In the Gulf region, Business Week talks about America’s food influence as ‘the other Gulf-war’. When US military were living in Kuwait, fast-food shops went there too. Now, Kuwait, with its neighbours Saudi Arabia, Bahrain, the United Arab Emirates and Qatar, is one of the fattest countries in the world.

Very remote countries like the Marshall Islands (where diabetes uses 25 per cent of healthcare money) and Samoa also have some of the most obese populations on the planet.

Since the North American Free Trade Agreement (NAFTA) started in 1994, Mexicans, too, have started to get very fat.

A study by the Institute for Agriculture and Trade Policy shows that this is not a coincidence. Free trade has made it easier to change the way Mexicans eat, and this means the public health has got worse. Mexicans now drink more soft drinks per person in the world (163 litres per year) but many people in the country do not even have drinking water. Soft drinks are often cheaper than bottled water.

Of course, US companies control the soft-drink market. The US exports much more high-fructose corn syrup and NAFTA (the free trade agreement) has brought much more high-calorie ready processed snack food into Mexico and many US fast-food restaurant chains.

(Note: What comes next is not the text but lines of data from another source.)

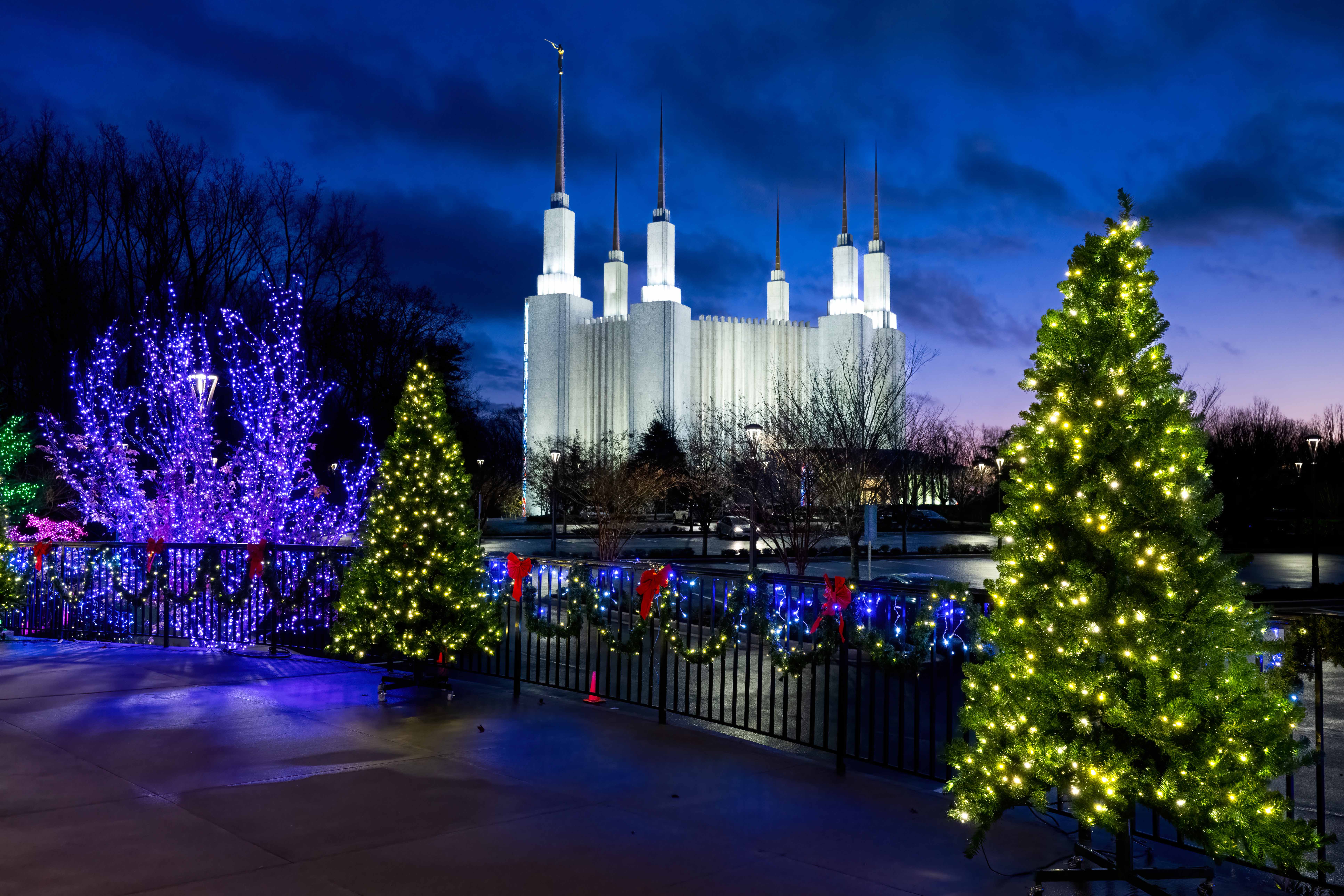 Washington D.C. Temple grounds illuminated by Elder Caussé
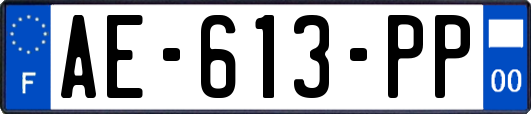 AE-613-PP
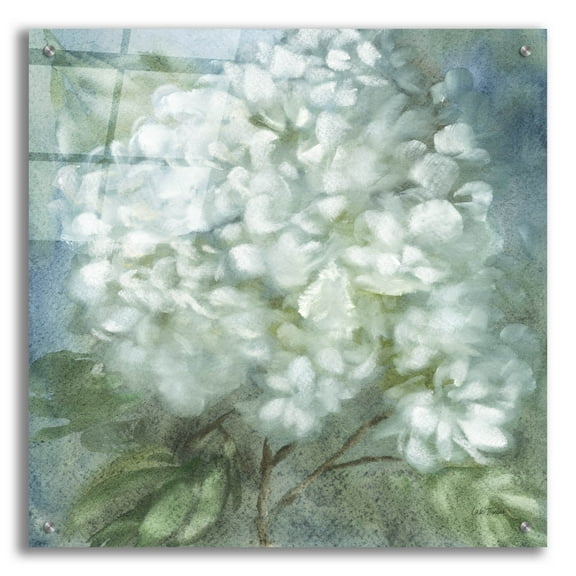 Epic Art 'Twilight Hydrangea' by Leslie Trimbach Acrylic Glass Wall Art, 24" x 24"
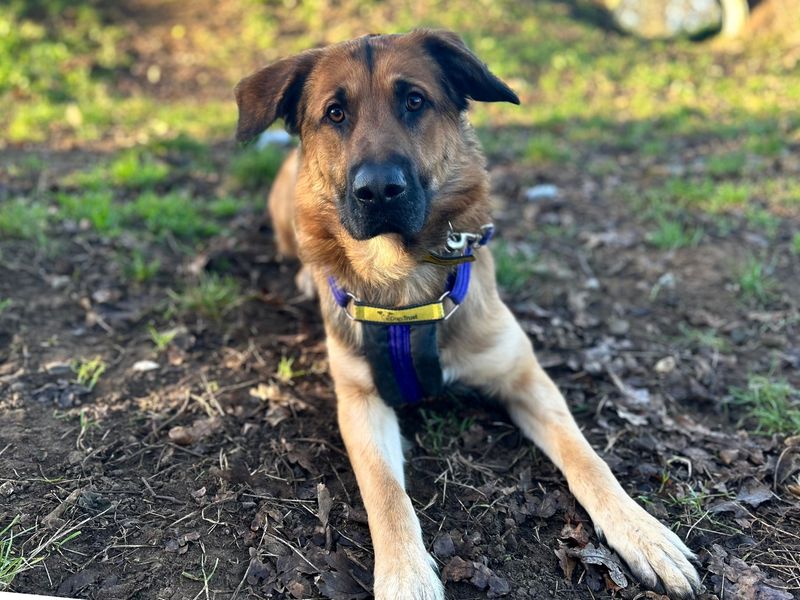 Prince, a 4 years old male German Shepherd available for adoption from Dogs Trust in Snetterton, Norfolk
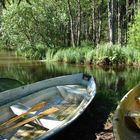 Schattiges Plätzchen an einem Seeausläufer im Nuuksio Nationalpark, Finnland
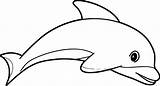 Dolphin Dolphins Wecoloringpage Raskrasil sketch template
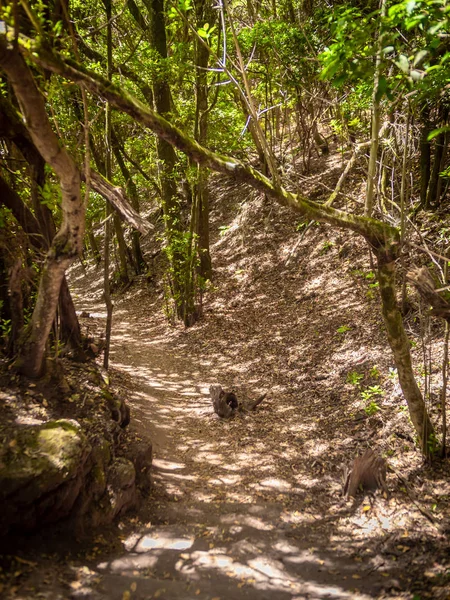 Изображение туристического маршрута по склону через старый лес — стоковое фото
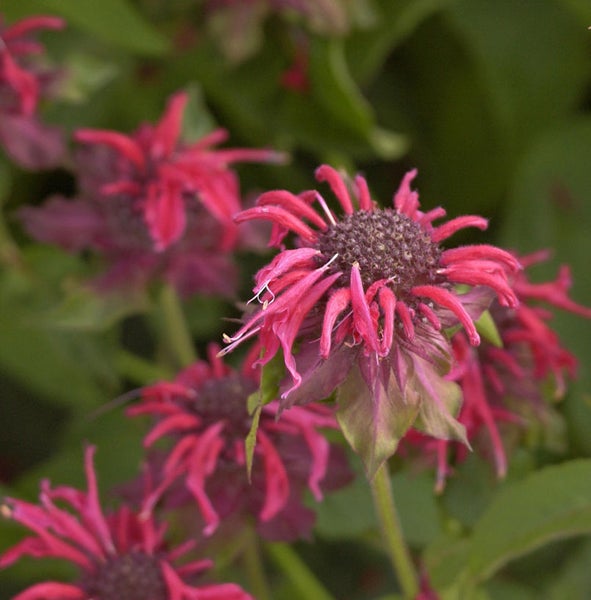 Nahaufnahme von roten Monarda-Blüten im Garten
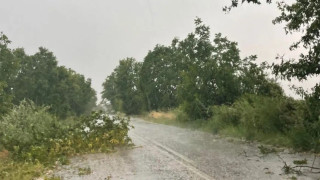 Κοζάνη: Θυελλώδεις άνεμοι ξεριζώνουν δέντρα και... κεραμίδια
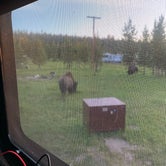 Review photo of Bridge Bay Campground — Yellowstone National Park by CHris B., July 22, 2020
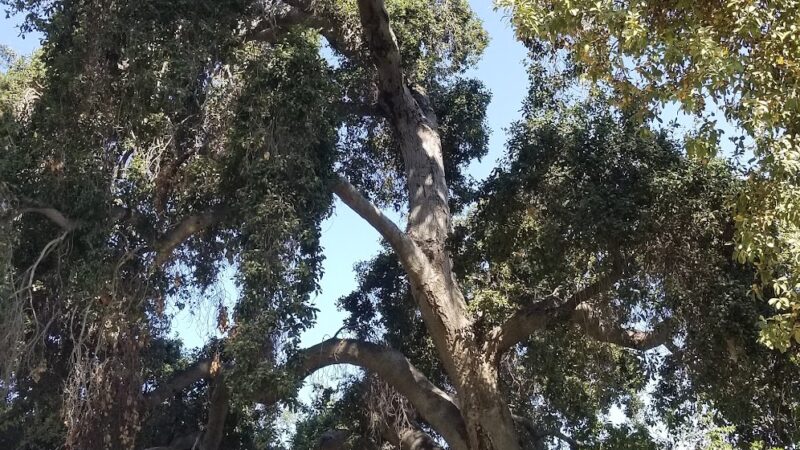 Low Park - Riverside, CA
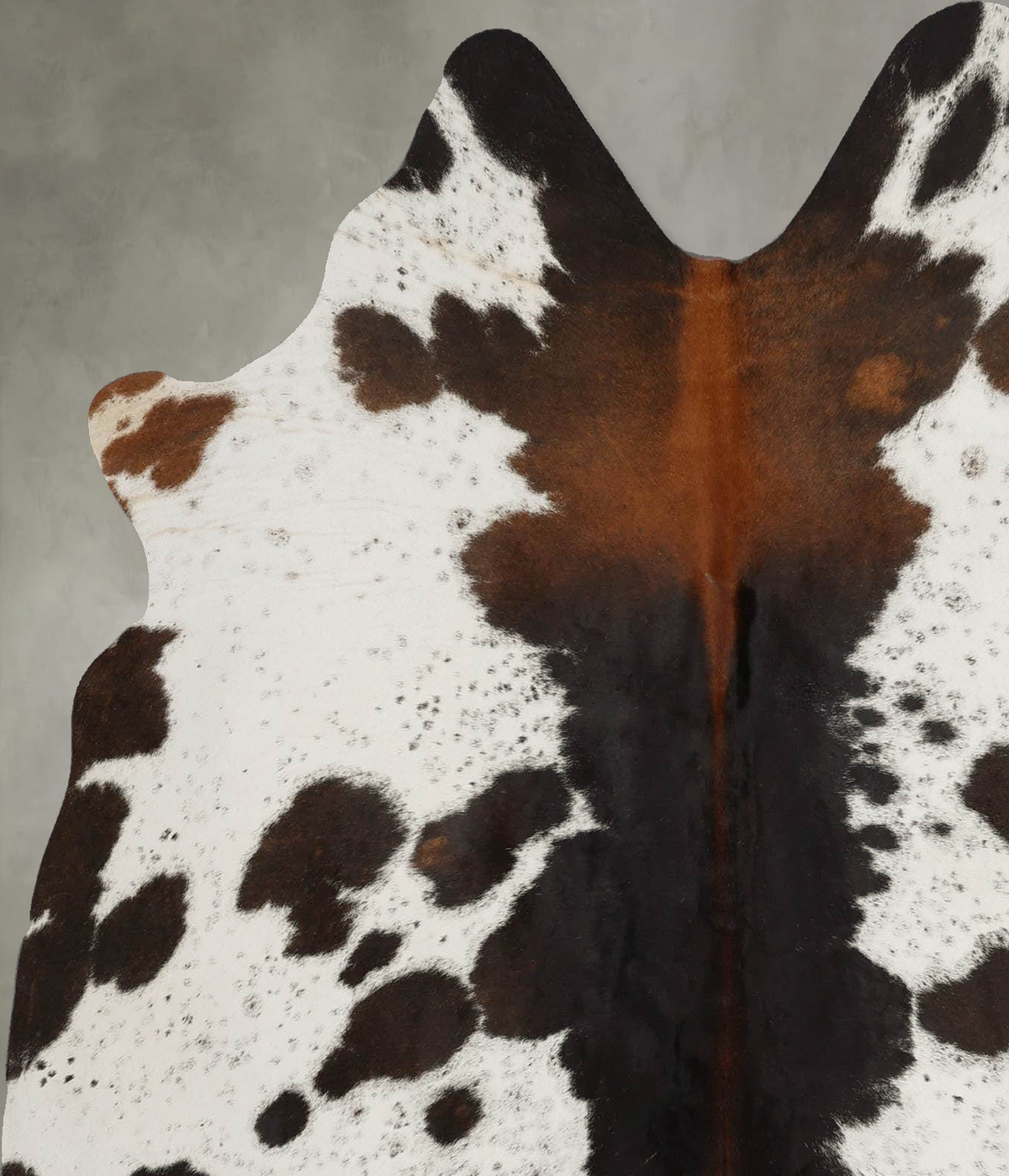 Chocolate and White Large Brazilian Cowhide Rug 6'1"H x 5'3"W #B31069 by Hudson Hides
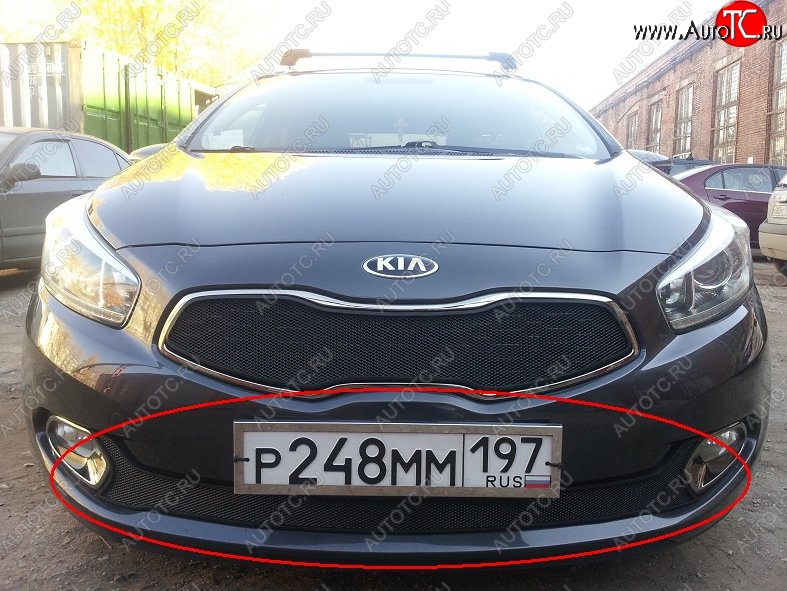 2 099 р. Нижняя защитная сетка на бампер Russtal (черная)  KIA Ceed  1 ED (2010-2012) рестайлинг, хэтчбэк 5 дв.  с доставкой в г. Кемерово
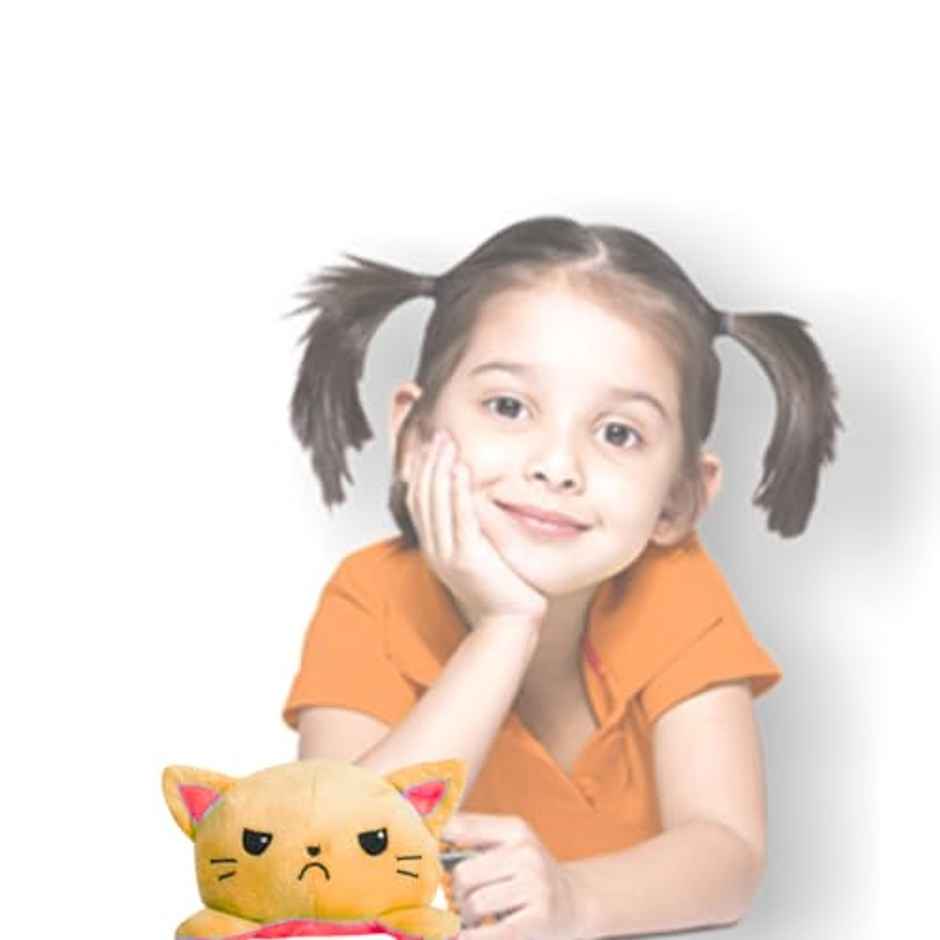 Storio Toy Cat Plushie Reversible Soft Toys For Kids | 15 cm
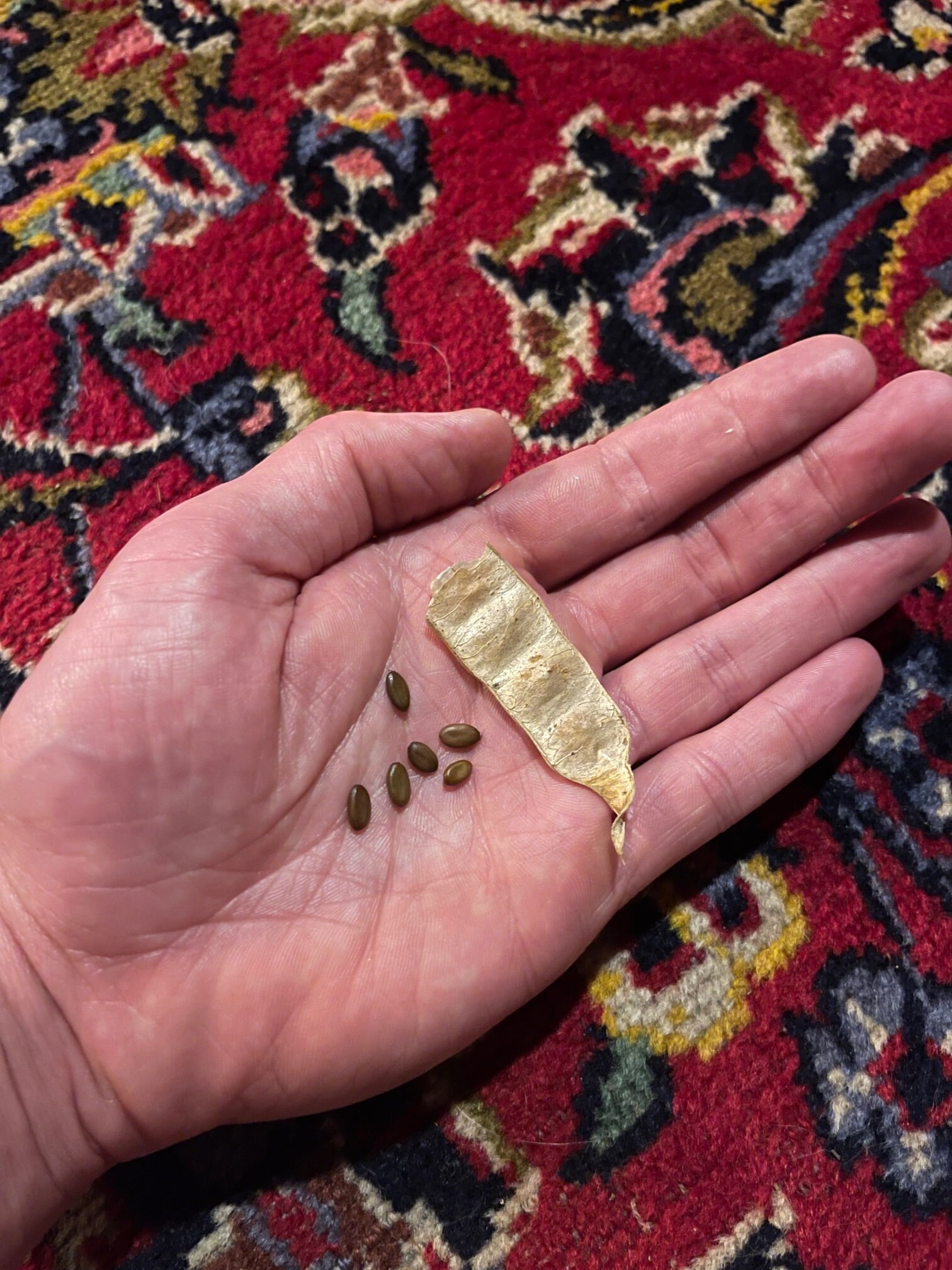 30 Pink Powder Puff Tree Seeds Julibrissin Aka Mimosa Tree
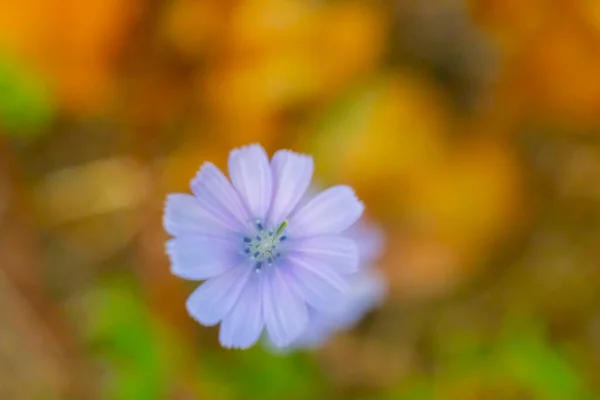 Fleur Pissenlit Fleurissant Dans Nature — Photo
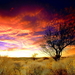 natuur-wolken-horizon-zonsopkomst-achtergrond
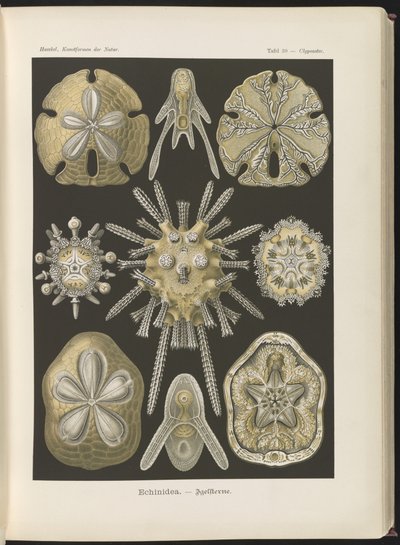 Echinidea: sjöborrar och sjödollar av Ernst Haeckel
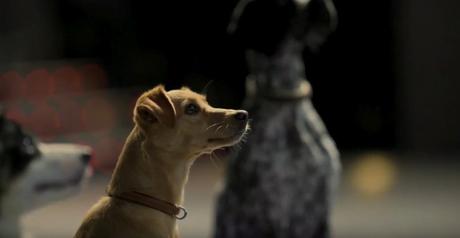 Varios perros invaden el cine en este adorable anuncio de comida para mascotas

KFC, for example, now wants to expand across Africa. And The Guardian says ‘Nestlé is using a floating supermarket to take its products to remote communities in the Amazon. Unilever has many door-to-door salespeople selling to poor villages in India and west and east Africa. The brewer SABMiller (a company who bottle and deliver Coca-Cola), plans to sell twice as many fizzy-drinks in South African townships.’ America’s obesity is becoming normal around the world.

A 2004 article in the American Journal of Clinical Nutrition found that if you spend $1 in an American supermarket, you can buy either 1,200 calories of unhealthy processed food or 250 calories’ worth of carrots; 875 calories of soda or only 170 calories of fruit juice. Why are foods that have lots of energy but very little nutrients so much cheaper?

Agricultural companies are very powerful in the US. They have had influence on government to create some dangerous agricultural policies. The US government has paid more than $19 billion to subsidise products used in junk food (high-fructose corn syrup, corn starch and soy oils), but has not subsidised fruit and vegetables.

And this cheap junk food is exported to the whole world.

Obesity now kills more people in the world than hunger, but the political response is very different. If you see starving people, people want to do something about it. But when we see obese people, people say the government shouldn’t stop us eating what we want to eat. And big businesses are free to make us do whatever they want – with clever advertising.

The US spends so much money on the war on drugs, but junk food kills more people than crack cocaine and heroin together. Governments spend billions of dollars and people spend their whole lives looking for cures for diseases, but today’s biggest problem is obesity, which humans themselves have caused.